Abri meus olhos, confuso.

Estávamos no aeroporto... como fomos parar ali¿ não me lembrava de ter saído de casa – não me lembrava nem de fazer minhas malas! Me afastei dela rapidamente atordoado e, neste exato momento, me vi dentro do avião, segurando meu livro favorito, O Reinado de Kasdeya.

Na minha cabeça, eu escutava uma voz de uma jovem sussurrando meu nome e dizendo para eu não me preocupar, que me amaria eternamente. Quem era? Não conseguia reconhecer a voz

Por um instante, senti aquela sensação novamente. Algo me sufocando e meu corpo ardendo como se estivesse em chamas. Não parecia real... tudo estava fora do meu controle.

Novamente, fui transportado para outro lugar.
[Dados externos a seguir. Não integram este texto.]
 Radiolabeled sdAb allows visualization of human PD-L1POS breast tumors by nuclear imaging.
Estávamos finalmente sobrevoando a cidade.

- Está na hora de partir – sussurrou uma voz infantil ameaçadora vinda de todas as direções.
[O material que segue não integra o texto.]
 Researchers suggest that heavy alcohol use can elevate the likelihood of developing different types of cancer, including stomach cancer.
Eu olhei ao redor assustado e percebi que o avião estava em chamas. Pessoas gritavam dominadas pelo desespero da morte iminente.

- Está na hora de acabar com isso.

O desespero me dominou. As pessoas gritavam cada vez mais alto, clamando por misericórdia enquanto as chamas consumiam suas carnes.
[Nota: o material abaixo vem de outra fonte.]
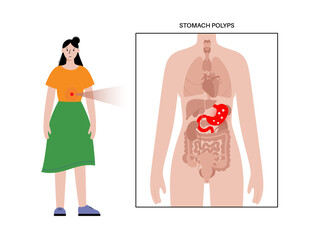 Stomach polyp disease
- Quem é você? - perguntei enquanto encarava a criança que segurava uma rosa vermelha e vestia um vestido azul turquesa.

- Você sabe quem sou, bom homem. É hora de me encarar. Não há como se esconder para sempre...

- Não... Não... Isso não é real!

- Venha – a voz infantil dominou a aeronave novamente, repetindo milhares de vezes as mesmas palavras – Encare...inevitável... venha... não há como escapar... venha...

Foi quando exclamei em total desespero enquanto meus olhos enchiam-se de lágrimas.

- Mas e todos os meus sonhos? E minha mulher?

- Já não importam mais. – disse a garota, assumindo a voz de minha amada e se aproximando lentamente de mim – Você deve me esquecer ou sofrerá eternamente. Por favor...

Tantas perguntas se prontificaram em minha mente.

Foi quando, tomado por lágrimas me lembrei da voz que sussurrara em meus ouvidos mais cedo para eu não me preocupar, que me amaria eternamente.  

Era ela. Minha amada. Minha mulher. Sussurrando do outro lado para eu não me prender. E então percebi que ela era o elo que precisava ser rompido. O amor. Nosso amor.

Ela ficaria bem. Eu ficaria bem...

Com um sorriso no rosto, eu seguro sua mão me dando conta de que jamais senti tanta paz quanto sentira ao tocar aquele ser.